Assume we have ‘item level’ transactions. This means for each customer we have a data record that gives us the information
• customer identifier
• product purchased (e.g. “Coke Zero 2 Litre” or “Coca Cola Regular 8x330ml”)
• department and category of purchase (e.g. dairy products, milk)
• data and time of purchase
• price of product
• store
Usually we would use 12 months of data for our analysis. This means that we can track each customer’s purchases over a whole year.

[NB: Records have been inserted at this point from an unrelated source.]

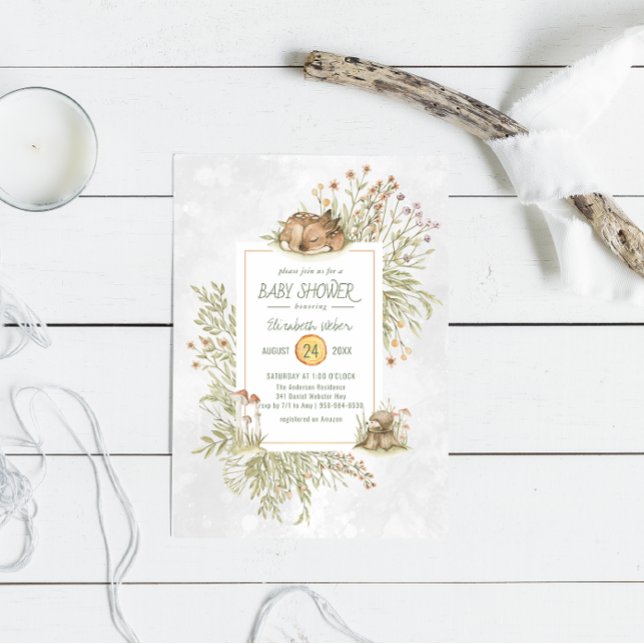 Woodland Deer | Convite para Chás de fraldas Flore (Criador carregado)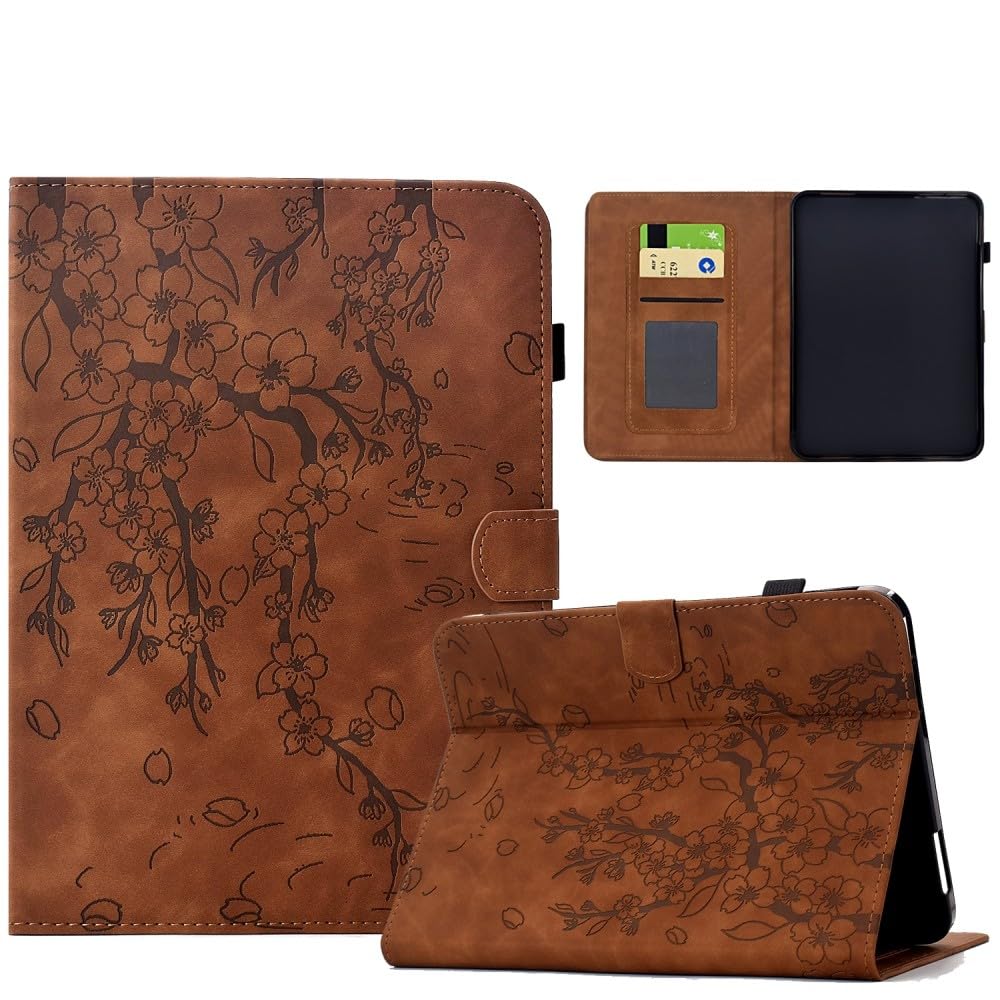 Generic Schutzhülle kompatibel mit Kindle Paperwhite 3 (2015) E-Reader (Farbe: Braun) Leder Smart Case Flip Flower Pattern Cover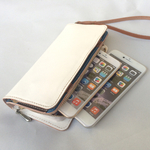☆パステルカラー栃木レザー使用☆スマホ収納可能ストラップ付きウォレット 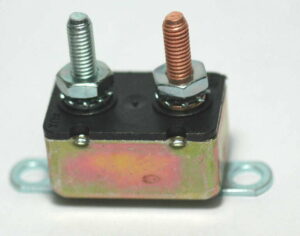 K-FOUR SWITCHES Part Number:  19-113 :  CIRCUIT BREAKER / 12V / WITH MOUNT TAB / 15AMP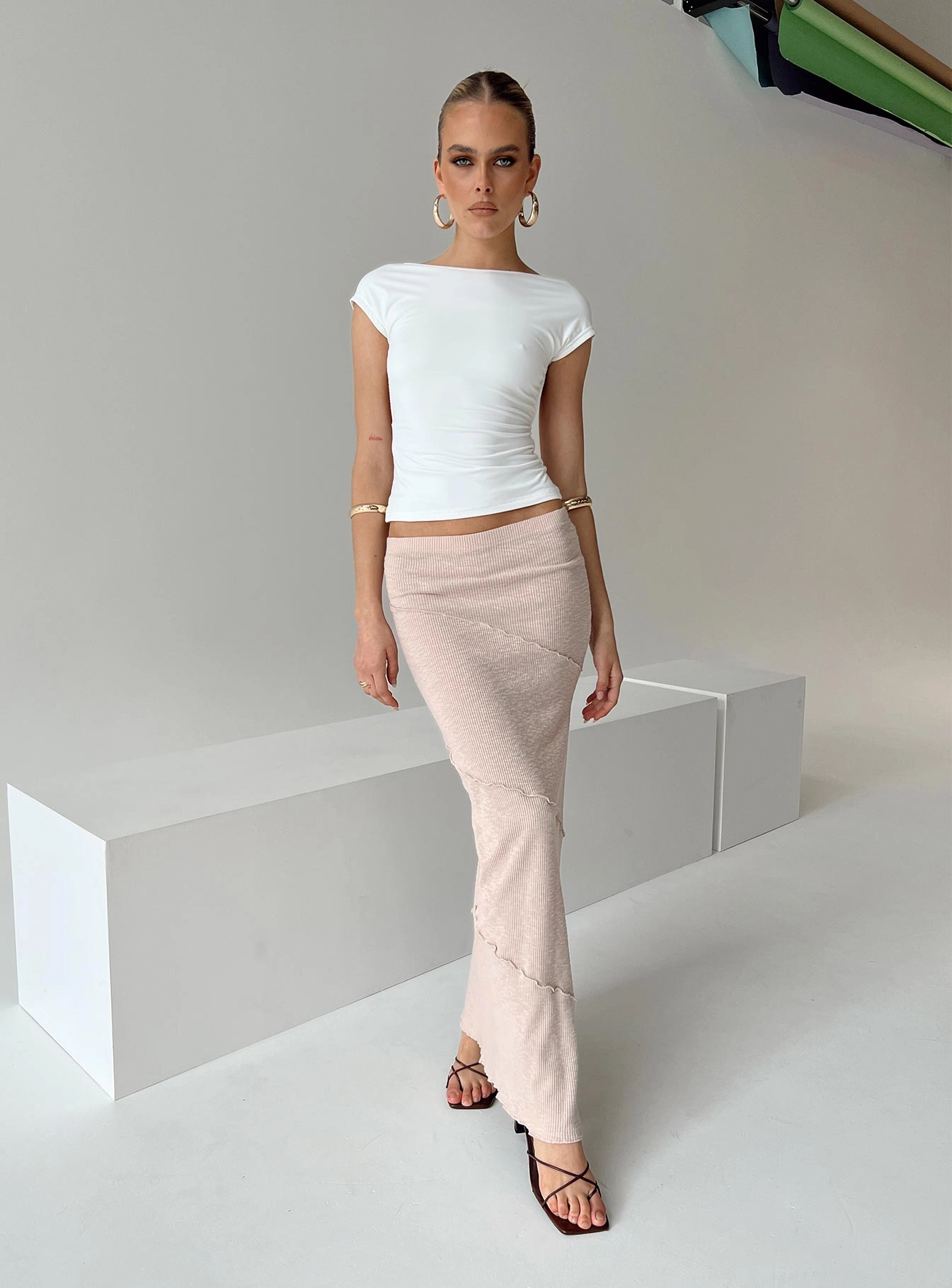 Oscar Split Maxi Skirt Beige Clean Mood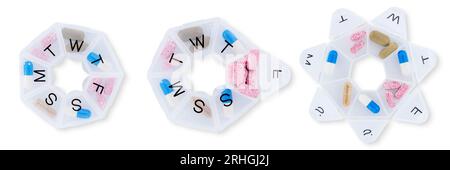 Ensemble de pilules de capsule colorées dans une boîte en plastique. Industrie pharmaceutique. Santé et médecine. Concept de vitamines et de suppléments. Banque D'Images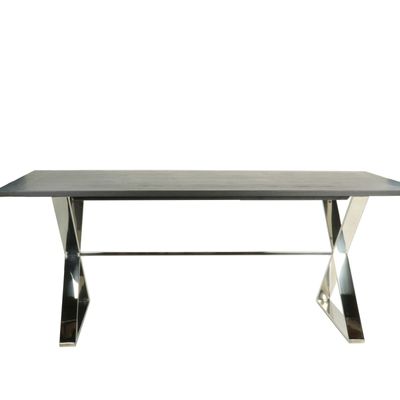 Tables Salle à Manger - Table de salle à manger rectangulaire en chêne noir et chrome, 200x100 cm - JP2B DECORATION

The challenge in finding these segments is to cope with the complexity of the data. We do this, using standard methods from multivariate statistics as described in basic textbooks on the subject (e.g. “Applied Multivariate Statistical Analysis” by Johnson/Wichern). Currently this involves a sequential approach:
Step 1: Within a department (e.g. dairy products) we group products that tend to get purchased by the same customers.
1.1 Please explain how you would prepare the data (e.g. aggregating transactions and creating some appropriate statistical measure of “tend to get purchased by the same customers”) and which statistical methods you would then apply in order to complete this task.
1.2 Which problems might we come across in the data that could lead to misinterpretation of statistical results?
1.3 Why don’t we just use the existing categories (e.g. milk, butter, yoghurt, etc.)?
Step 2: As a result of step 1 we would expect to find ca. 15 such product groups within each department which would give us a total of 200-300 product groups across all departments. We can now calculate total spend or number of transactions within these product groups for each customer.
Ideally we do not want to use more than about 20 variables for each customer as the basis for customer segmentation though. Our next task is to understand cross-departmental shopping by further reducing the dimensionality of the data set.
2.1 Which statistical techniques can we use for this purpose?
2.2 How would you prepare the data?
2.3 What might the result look like?
Step 3: Having reduced the dimensionality of the data, we now have a small set of variables that describe customer’s predominant purchasing patterns in the way that we need. We now want to find customer segments with similar purchasing behavior.
3.1 Which statistical techniques can we use for this purpose?
3.2 How do we need to transform the data first in order to achieve the results we are looking for?
The above process describes how we currently tackle the problem of segmenting customers based on what they buy.
4 Which other ways of segmenting customers can you think of - using transactional data only and using additional data sources that might be available?

Hey did you get an answer for that question?